Wolfgang Amadeus Mozart’s Concerto No. 21 is playing andante at YouTube while I am wrestling with two demons over what to write.
I am sitting in front of my computer, shirtless because of the heat, wiping off my brow then and now the sweat that, left on its own devices, would moist my eyes and clog the vision. Upstairs, Lara and Lilac are switching television channels. Their mother, I think, is asleep. It is a gloomy Sunday evening, with no promise of a tidy—even happy—Monday.
It is towards the end of May; summer is a memory; and the rains have come, but when it comes to what to write, I am predisposed to think that writing does not concern itself at all with the seasons.
There is one thing certain: the wedding month is on the verge of not letting the flower month complete itself, yet I still have to see my favorite flowers—rosal and ponograpo—which at this time of the year are in full bloom in Masudsud. That’s in faraway Sibale.
I think of Flores de Mayo and the nightly dances that signal summer’s exit; of the yinumakang pinungo splattered with blobs of margarine; and of the tinuyang pakoy from the patikyar it bobo that feeds the people of the whole village. I feel a certain kind of hunger that memory aggravates but cannot alleviate.
I don’t feel good. I’m missing something I don’t know what. The body to which the head and hands and feet are attached seemed to complain of tiredness. Inside is a murmur, heard through aching limbs and the smoker’s cough, telling me I should lie down. Rest. To this murmur, however, the writing mind disagrees. I have to write.
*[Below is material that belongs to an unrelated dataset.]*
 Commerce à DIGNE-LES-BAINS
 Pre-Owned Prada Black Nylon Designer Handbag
Tony Macalisang, my publisher, is calling.
But what to write? That’s a question I always ask myself when a visitor, known in the village as Writer’s Block, comes through my front door without advance notice, not even the courtesy of a knock. No, I think she—my unwelcome guest is a female—comes through the window.
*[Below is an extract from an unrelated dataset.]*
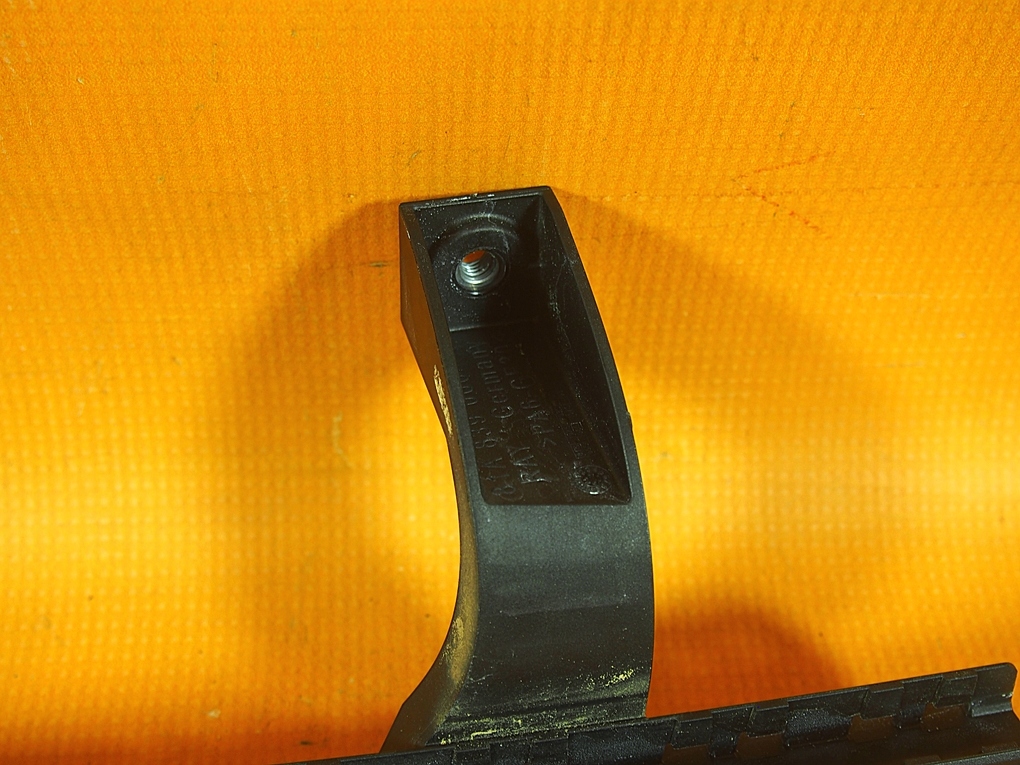 Audi Q2 81A 32KM Fensterführung hinten RECHTS 81a839068 Product image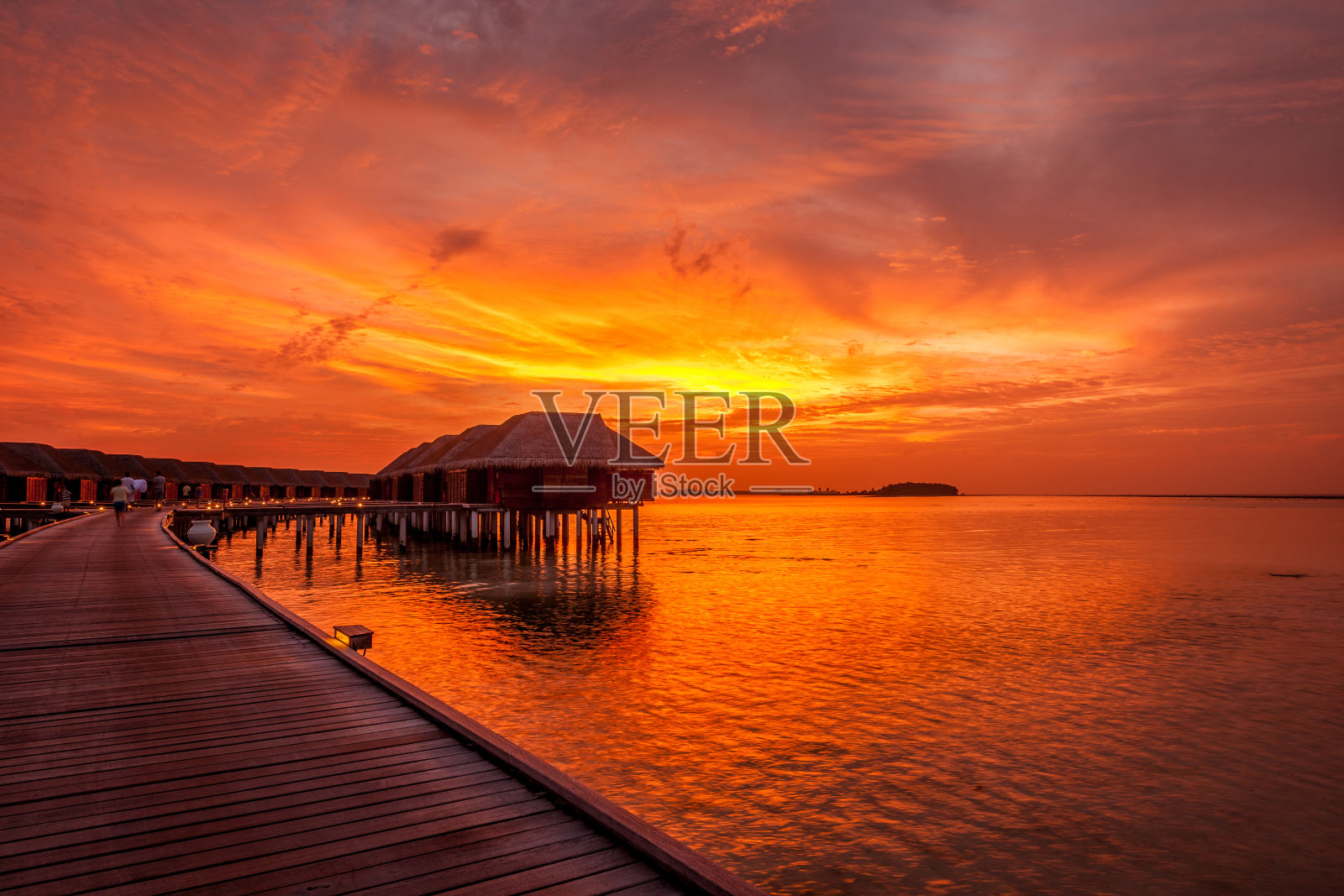 马尔代夫海滩上的日落照片摄影图片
She came tonight, this familiar visitor. I quickly offered her coffee and biscuits hoping she would as just quickly leave to visit other writers, but she refused my hospitality and indicated she would stay by sitting right up on the edge of my writing table. I think she likes to watch me not able to write, delights in my torment of not being able to summon the usual companions in bed—the Words that are my truest friends.
Because she was adamant to leave, I ended up drinking the coffee and eating the biscuits that were for her. She tried to throw me off balance and out of focus by simply being there, intently eyeing me as I sit wordless—and thus, motionless—for what seemed an eternity in front of a blank, white screen whose only sign of life was the blinking bar for a writing guide. Her throwing me furtive glances forced sweat to form in my forehead and eyebrows. Her gaze was steady and penetrating. And I have nothing to write.
Over her long, unwanted presence, I had to put up with another visitor—his name is Boredom—by snatching Nadine Gordimer from the shelf and leafing through her essays collectively called “Living in Hope and History”.
Boredom is husband to Writer’s Block. The couple unsettles the writer and is happy to see him, well, unsettled.
If Boredom sends the writer—and the non-writers—to suffer bouts of restlessness, Writer’s Block renders him impotent. Their capability to spring surprise—coming as they do in unholy hours, when no one is looking, and when the mind is idle and therefore fertile to temptation, is one of those hazards writers try very hard to avoid, but nevertheless, face every day. In fact, every writing day.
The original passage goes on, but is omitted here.